Who Was Jean Moulin?
A heated debate over a revered Resistance leader delves into France's troubled memories of the war
By BRUCE CRUMLEY/PARIS

When the ashes of Jean Moulin were enshrined in the Paris Pantheon in 1964, the revered Resistance leader and martyr of the anti-Nazi struggle became the official personification of the covert French fight against German occupation during World War II. So sacrosanct is Moulin's memory that scholars can hardly delve into it without setting off impassioned debate. That is precisely what has happened with the publication of two new Moulin biographies: Jacques Baynac's The Secrets of the Jean Moulin Affair and The Lives and Deaths of Jean Moulin by the respected historian Pierre Pean.

Baynac's central, scandal-generating premise is that at the time of his arrest in 1943, Moulin was preparing to end his allegiance to the London-exiled Charles de Gaulle, whose single-minded, often arrogant assertion of French interests had infuriated American and British leaders.

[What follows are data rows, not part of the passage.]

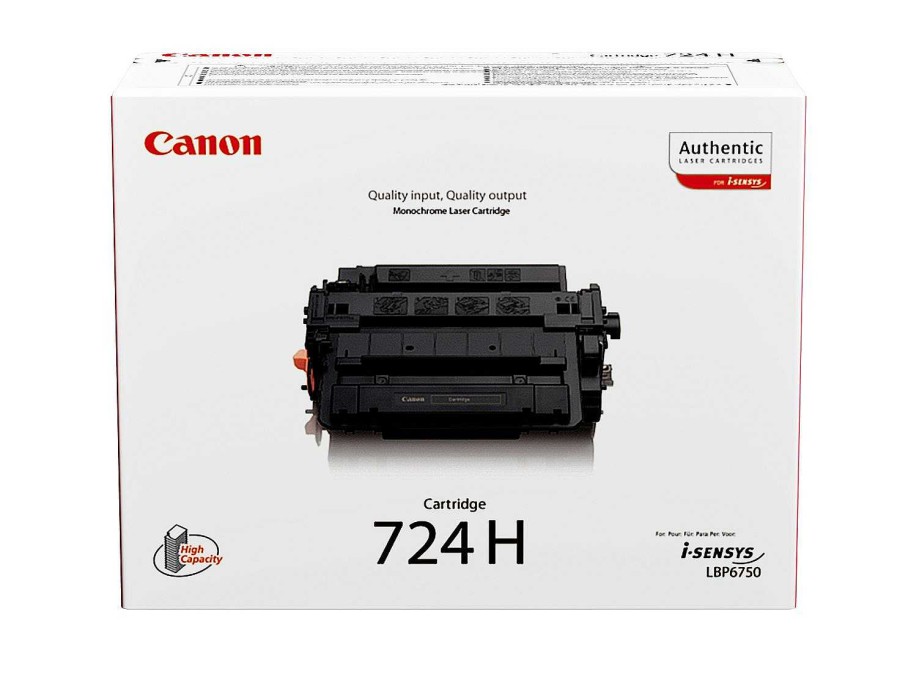 Canon Cartuccia Toner A Resa Elevata Canon 724H Toner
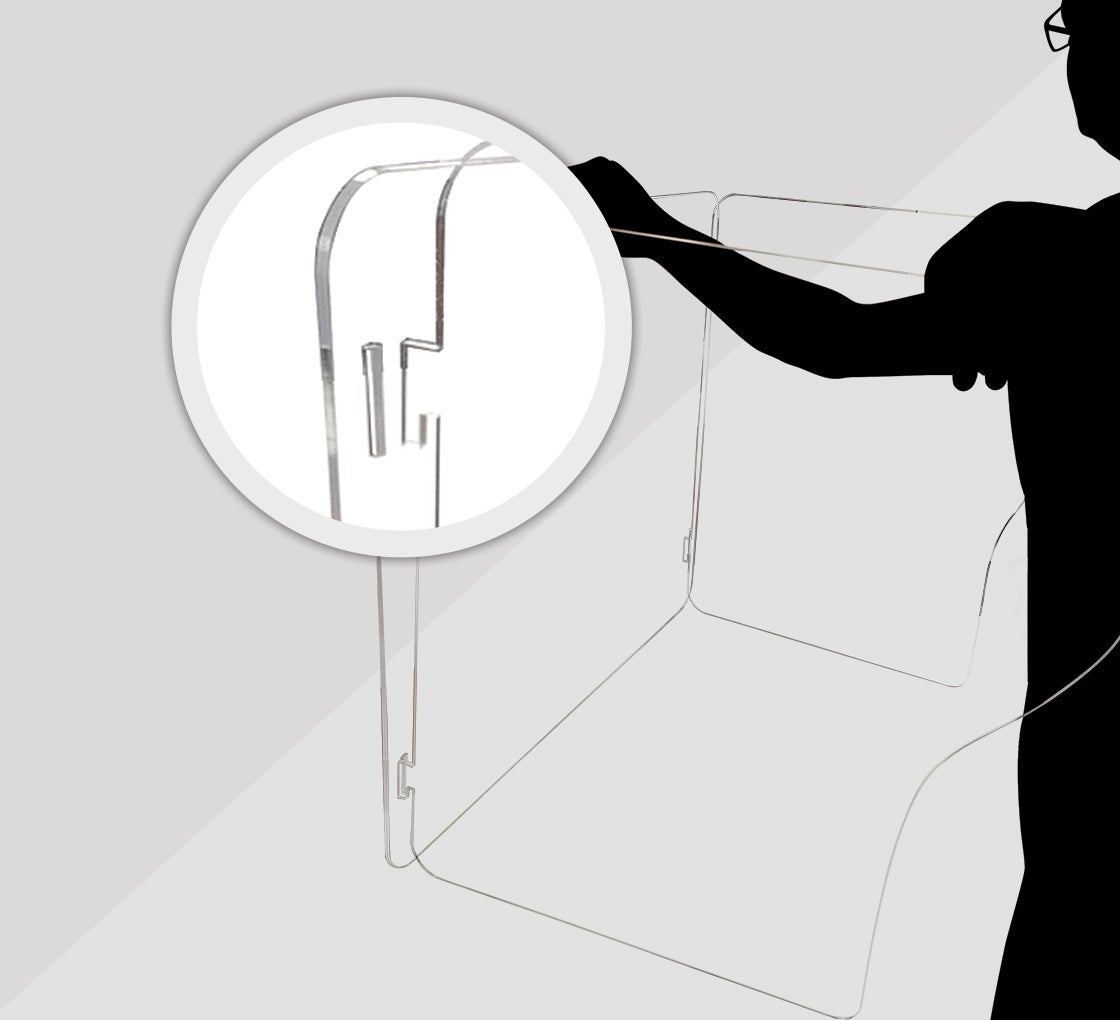 Sneeze Guard for Office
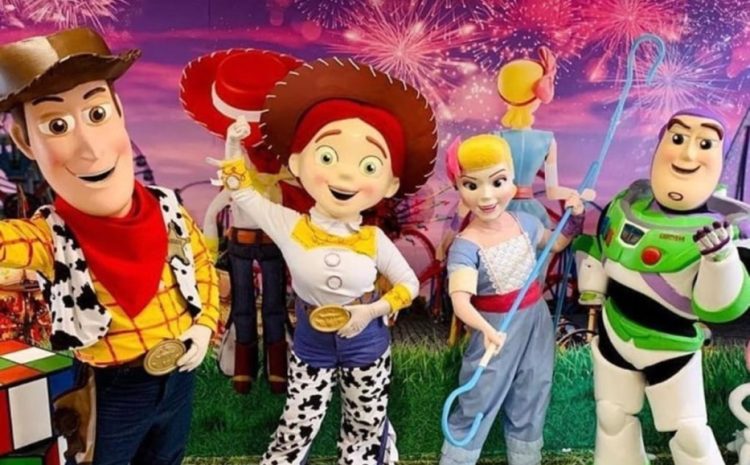 Quintal do Espeto, em São Paulo, terá show do Toy Story, recreação e infláveis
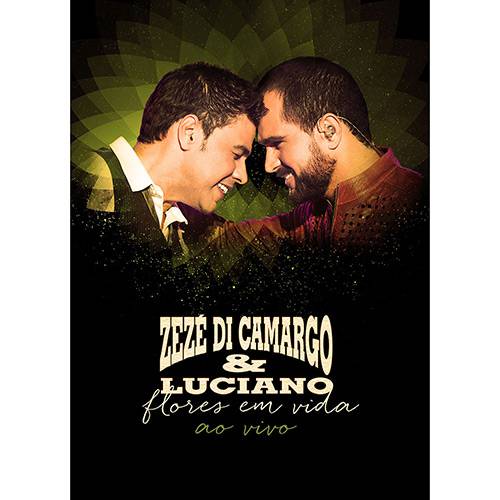 Tamanhos, Medidas e Dimensões do produto DVD - Zezé Di Camargo & Luciano - Flores em Vida ao Vivo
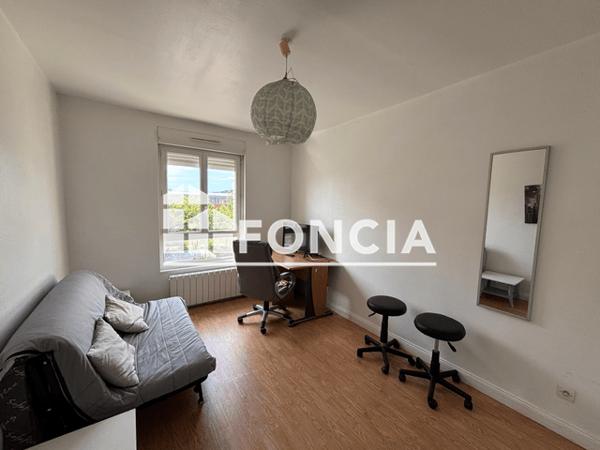 Location Studio meublé 19.6 m² - 26 RUE JEAN-JACQUES ROUSSEAU Le Havre 76600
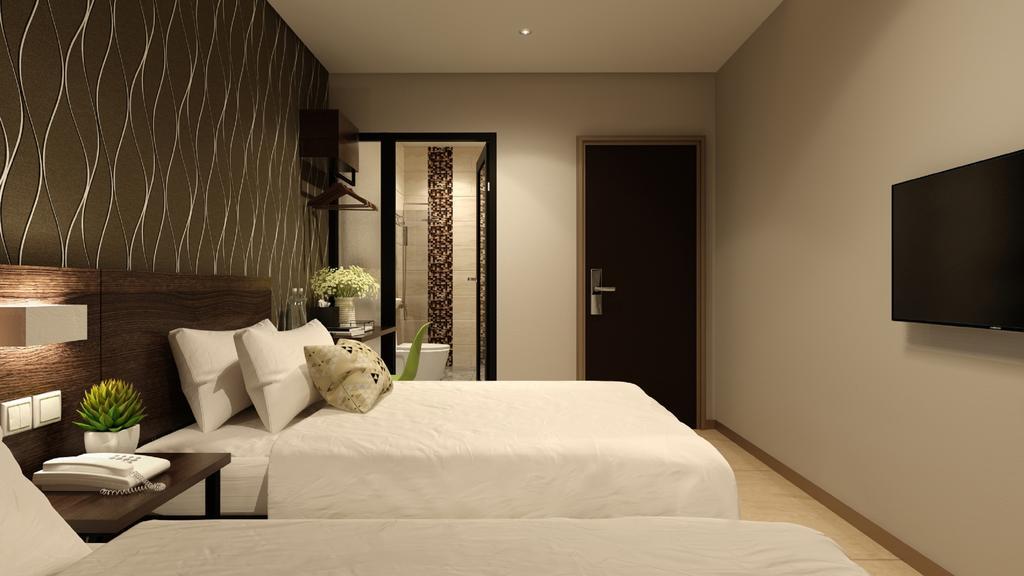The Square Hotel Skudai Eksteriør bilde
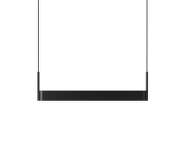Závěsné svítidlo Scribe 70 cm, matt black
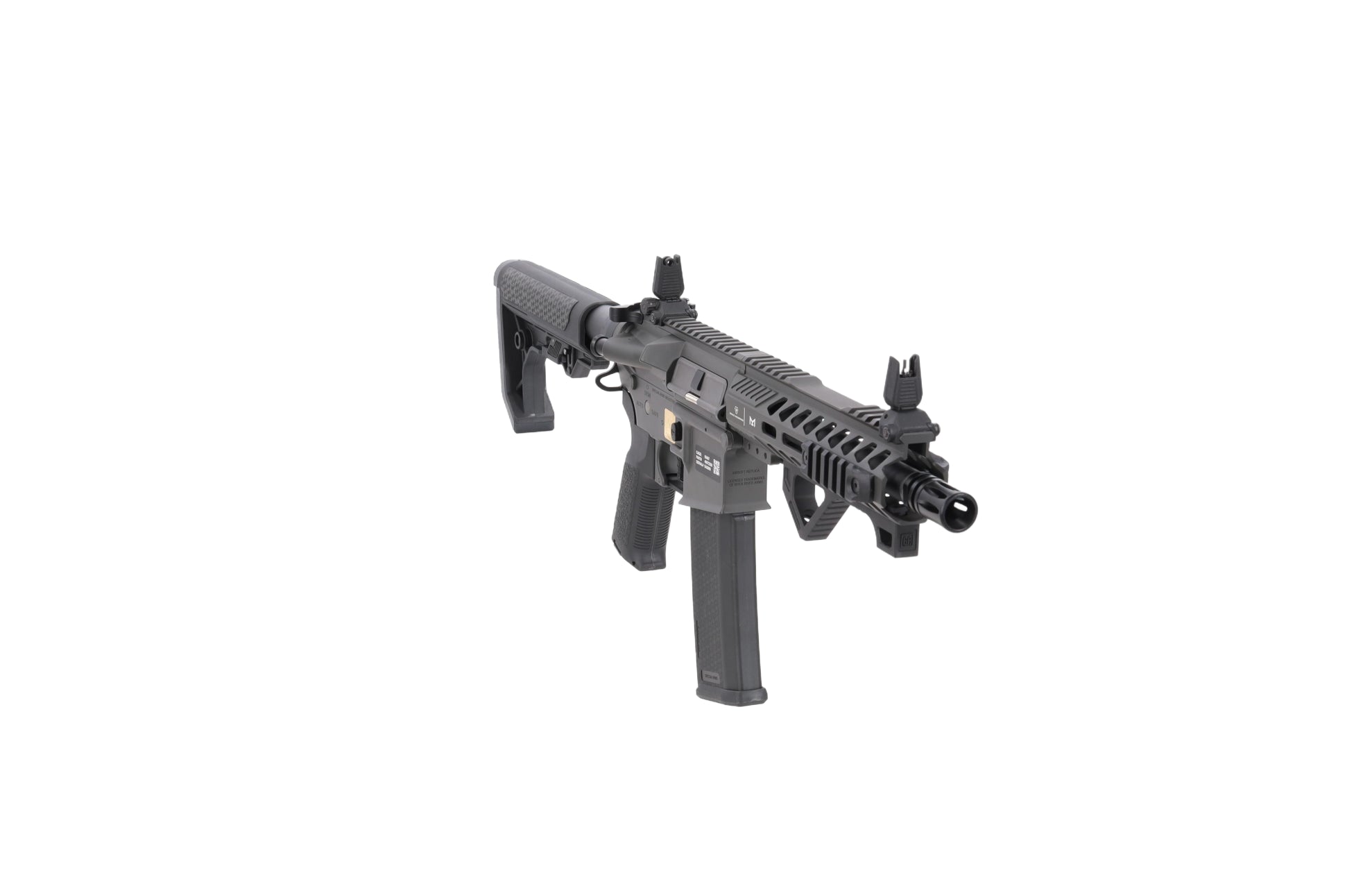 Specna Arms RRA SA-E17 EDGE™ HAL 2 Light Ops Stock Gen. 2 - Chaos Grey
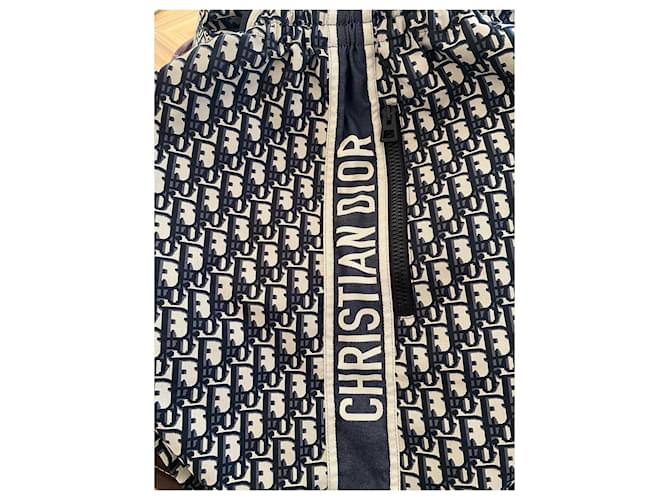 Dior vestido con monograma oblicuo - vista 4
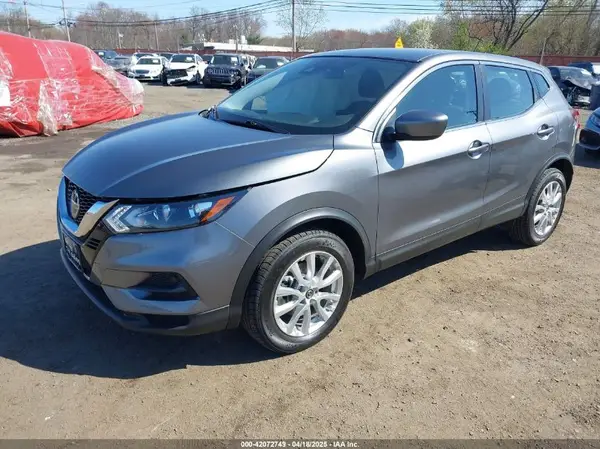JN1BJ1AW4NW476659 2022 NISSAN ROGUE - Image 2
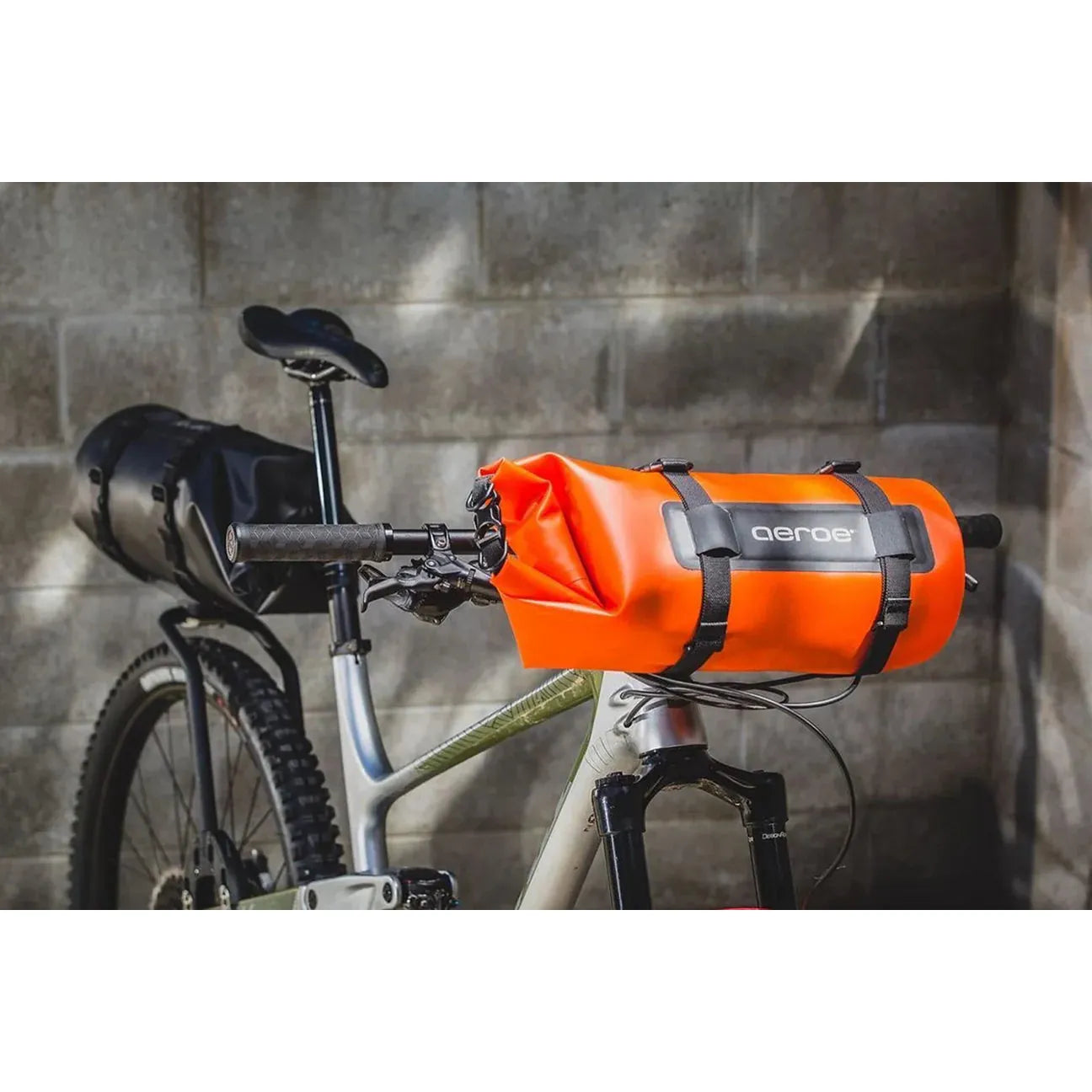 Aeroe 8L Heavy Duty Dry Bag - Orange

Four days before his arrest, according to Baynac, Moulin was persuaded by an American secret agent he met with to recognize the authority of Algiers-based French generals supported by the U.S. and Britain, who planned to back them as France's only legitimate representatives. It was during that monitored encounter that Nazi spies purportedly identified Moulin--arresting him on June 21 as he met the Resistance commanders near Lyons. Had fate delayed Moulin's arrest, Baynac's thesis suggests, De Gaulle would have lost control of the Resistance and been deposed as leader of the Free French Forces, radically altering France's post-war history.

The depiction of Moulin as an American lackey caused a furor, but outraged critics soon took solace in publication of a biography contradicting Baynac. Pean's book confirms the orthodox view that Moulin was sold out to the SS by Resistance fighter Rene Hardy, the member of the "Combat" faction that hated De Gaulle and resented his command. Pean paints a well-documented portrait of Moulin as an unshakable Gaullist who forged divided movements into a more organized force and kept it under De Gaulle's control.

Both authors tapped into previously unused documents and sources to produce their biographies, and as historian Francois Bedarida notes, "Both books offer interesting ideas and information that will aid our future study." But Bedarida--who voiced significant reservations about Baynac's book when asked by its publisher, Editions du Seuil, for a prepublication analysis--stresses that the work of a historian does not end with the simple uncovering of new material. "Baynac comes to some conclusions that involve both evidence and conjecture," Bedarida says. "In some cases even the evidence is flimsy, and in a few, it's historically misleading. Moulin could not have been ready to abandon De Gaulle at American behest."

The American historian Robert Paxton--whose fair though frequently unflattering analysis of Vichy France has made him one of the very few foreign experts whose views the mostly defensive French public has been able to tolerate--meanwhile observes that Baynac's biography is not the first to challenge the standard myth about Moulin's leadership. "First Moulin was accused of being a communist, and more recently a full-blown Soviet spy," Paxton muses. "Now the exemplary Gaullist is an American agent. What's next--a Nazi mole? I think these claims reflect more a sensationalist streak in the French publishing industry than they do historical research."